_WHAT IS REQUIRED:_
In the records below, print each line exactly and leave every image out.

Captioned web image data
⟨

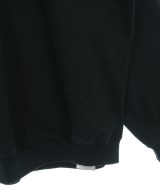 STUSSY（ステューシー）スウェット 黒 サイズ:S メンズ/2200707317014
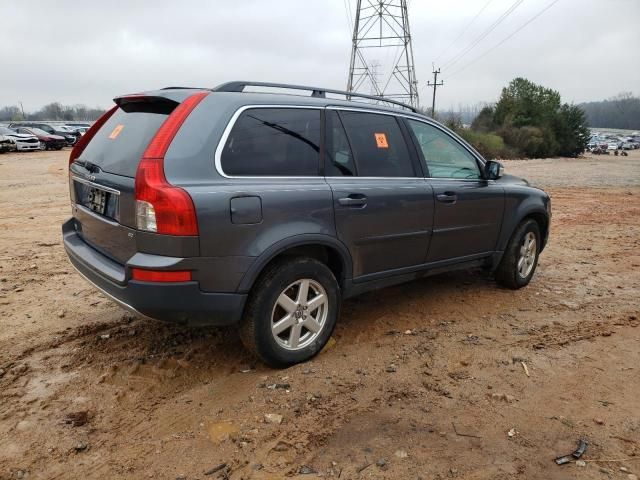 2007 Volvo XC90 3.2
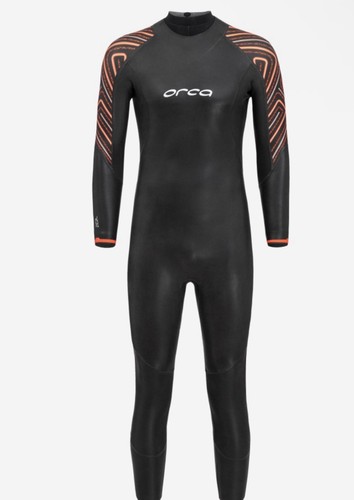 Orca women full sleeve - 3.8, women’s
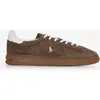 Ralph Lauren Ftw Baskets Bedford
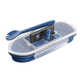 Ship-Like Food Containers Image 3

⟩

_EXERCISE ANSWER:_
 STUSSY（ステューシー）スウェット 黒 サイズ:S メンズ/2200707317014
 2007 Volvo XC90 3.2
 Orca women full sleeve - 3.8, women’s
 Ralph Lauren Ftw Baskets Bedford
 Ship-Like Food Containers Image 3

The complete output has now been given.